Chapter 5. Run Experiments in Production

In our field, the idea of doing software verification in a production environment is generally met with derision. “We’ll test it in prod” is a form of gallows humor, which translates to “we aren’t going to bother verifying this code properly before we deploy it.”

A commonly held tenet of classical testing is that it’s better to identify bugs as far away from production as possible. For example, it’s better to identify a bug in a unit test than in an integration test. The reasoning is that the farther away you are from a full deployment in the production environment, the easier it will be to identify the reason for the bug and fix it. If you’ve ever had to debug a failed unit test, a failed integration test, and a bug that manifested only in production, the wisdom in this approach is self-evident.

When it comes to Chaos Engineering, the strategy is reversed: you want to run your experiments as close to the production environment as possible. The ideal implementation runs all experiments directly in the production environment.

When we do traditional software testing, we’re verifying code correctness. We have a good sense about how functions and methods are supposed to behave and we write tests to verify the behaviors of these components.

When we run Chaos Engineering experiments, we are interested in the behavior of the entire overall system. The code is an important part of the system, but there’s a lot more to our system than just code. In particular, state and input and other people’s systems lead to all sorts of system behaviors that are difficult to foresee.

The following sections explore why running in the production environment is vital to Chaos Engineering. We want to build confidence in the system in production, and to do that we need to explore the systemic effects there. Otherwise, we are just building confidence in a system other than the one we care about, which diminishes the value of the exercise.

State and Services

Previously, we spoke about “system state.” In this section, we’ll delve into stateful services. Software engineering would be a lot simpler if our systems did not have to maintain any state. Alas, state is a fact of life in the kinds of systems that we build.

In microservices architecture, when we talk about “state” we are often referring to “stateful services,” such as databases. Systems where the database contains only test fixtures don’t behave the same as systems where the database contains the complete set of production data. Other stateful services include caches, object storage, and durable message queues.

Configuration data is another form of state that affects the way the system behaves. Whether you use static configuration files, a dynamic configuration service like etcd, or (as we do at Netflix) a combination of the two, this configuration information is a form of state that can significantly affect your system behavior.

Even in “stateless” services, there is still state in the form of in-memory data structures that persist across requests and can therefore affect the behavior of subsequent requests.
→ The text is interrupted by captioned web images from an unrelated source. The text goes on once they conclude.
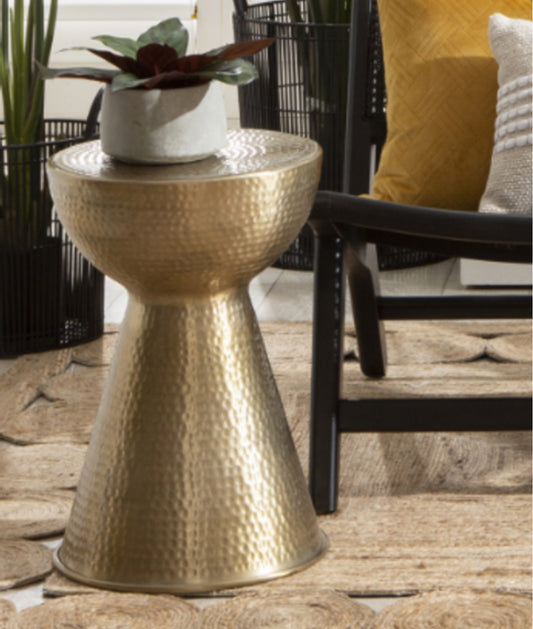 Gold press metal occasional table Rockhampton Vintage Hire
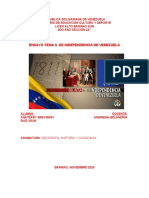 Ensayo Tema II. Independencia de Venezuela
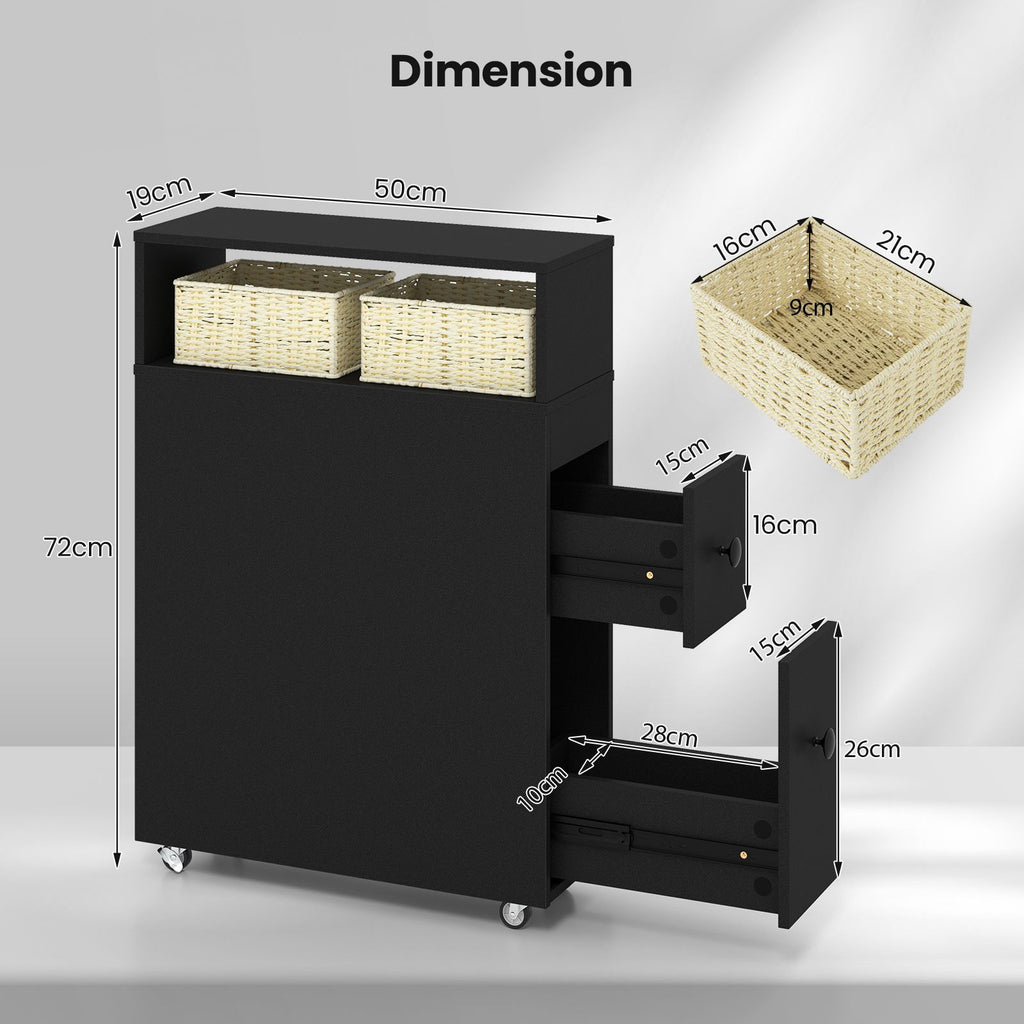 Slim Bathroom Storage Cabinet Movable with 2 Drawers and Baskets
There’s plenty of state lurking in other places. When running in a cloud environment, the number of virtual machines or containers in an autoscaling group is a form of system state that changes over time as the external demand for different clusters changes. Network hardware such as switches and routers also contain state.

Eventually, some unexpected state is going to bite you. If you’re in the target audience for this book, you probably already have a few scars. In order to catch the threats to resiliency that Chaos Engineering is interested in, you need to expose experiments to the same state problems that exist in the production environment.

Input in Production

One of the most difficult lessons for a software engineer to learn is that the users of a system never seem to interact with it in the way that you expect them to. This lesson is typically learned in the context of designing the user interface of a system, but it’s an important lesson to keep in mind for designing Chaos Engineering experiments.

Assuming your system implements a service, it will receive many different types of requests from your users. You can try to build a synthetic model of user input, but because users never behave the way we expect, the production system will invariably be subject to inputs that don’t show up in your tests with synthetic data.

The only way to truly build confidence in the system at hand is to experiment with the actual input received by the production environment.

Other People’s Systems

A distributed system is one in which the failure of a computer you didn’t even know existed can render your own computer unusable.

Leslie Lamport

Even if we could foresee all of the states of the system under our own control, we invariably depend on external systems, whose behavior we cannot possibly hope to know. Christmas Eve of 2012 is seared into the collective memory of Netflix, when problems with the Amazon Elastic Load Balancing (ELB) service in one geographical region resulted in a significant outage for the Netflix service.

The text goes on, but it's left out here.